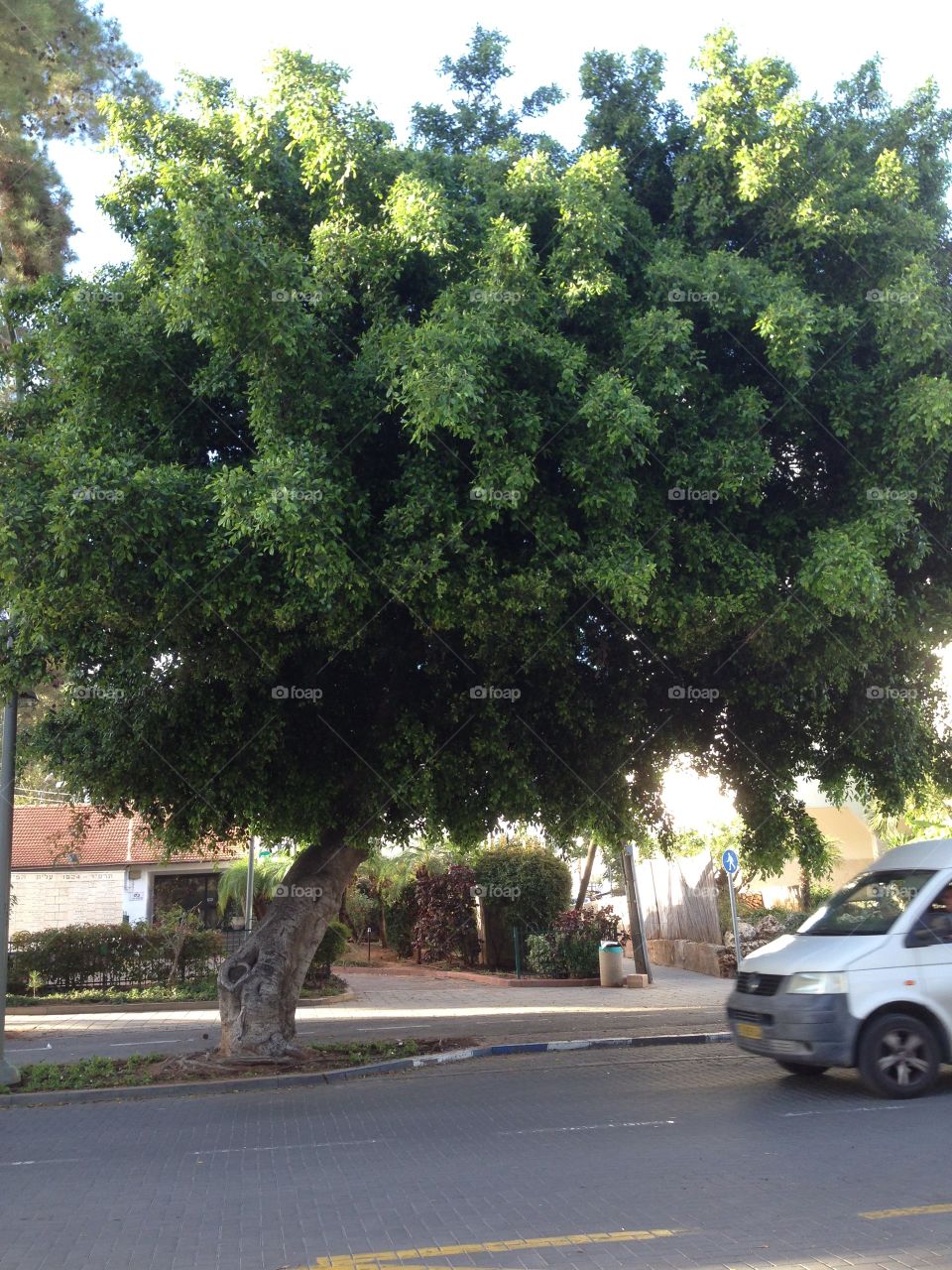 Big green tree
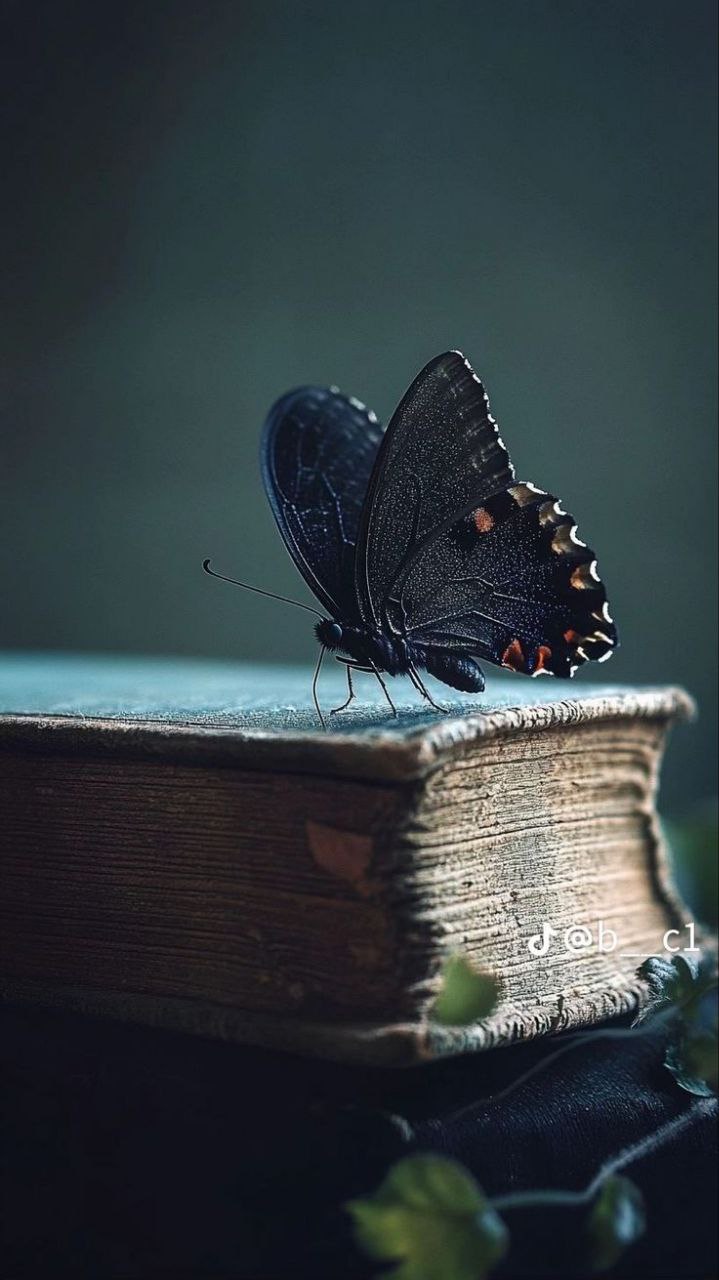 عکس پروفایل خاص روشن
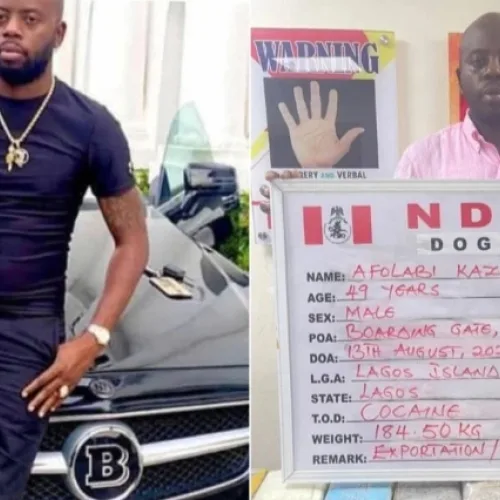 Cocaine Case: KC Luxury sues NDLEA, demands N190m compensation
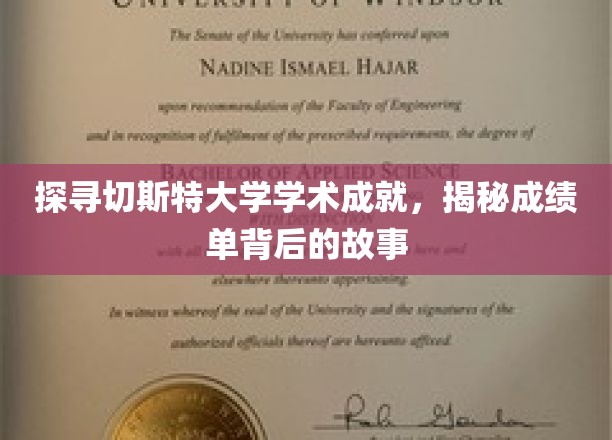 解码切斯特大学卓越成绩，一探究竟背后的学术传奇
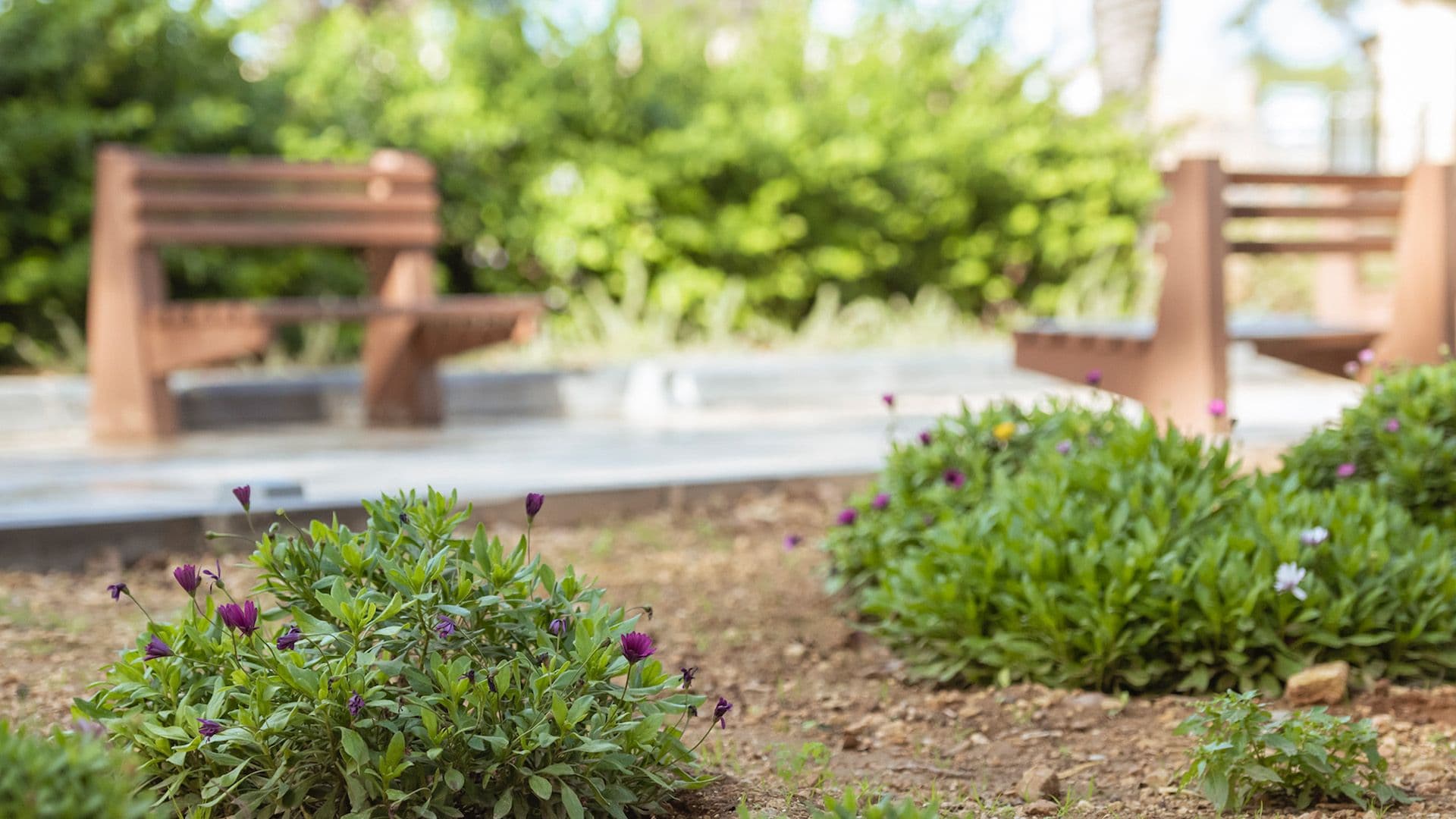 Local Parks Spotlight: Ġnien Il-Mall, Floriana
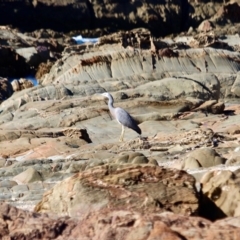 Egretta novaehollandiae at Tanja, NSW - 17 Jun 2018 12:00 PM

···

_PROBLEM REQUIREMENTS_.
The material must be returned exactly, with its pictures omitted.

_ANSWER FOR THIS EXERCISE_.
 Big green tree
 عکس پروفایل خاص روشن
 Cocaine Case: KC Luxury sues NDLEA, demands N190m compensation
 解码切斯特大学卓越成绩，一探究竟背后的学术传奇
 Local Parks Spotlight: Ġnien Il-Mall, Floriana
 Egretta novaehollandiae at Tanja, NSW - 17 Jun 2018 12:00 PM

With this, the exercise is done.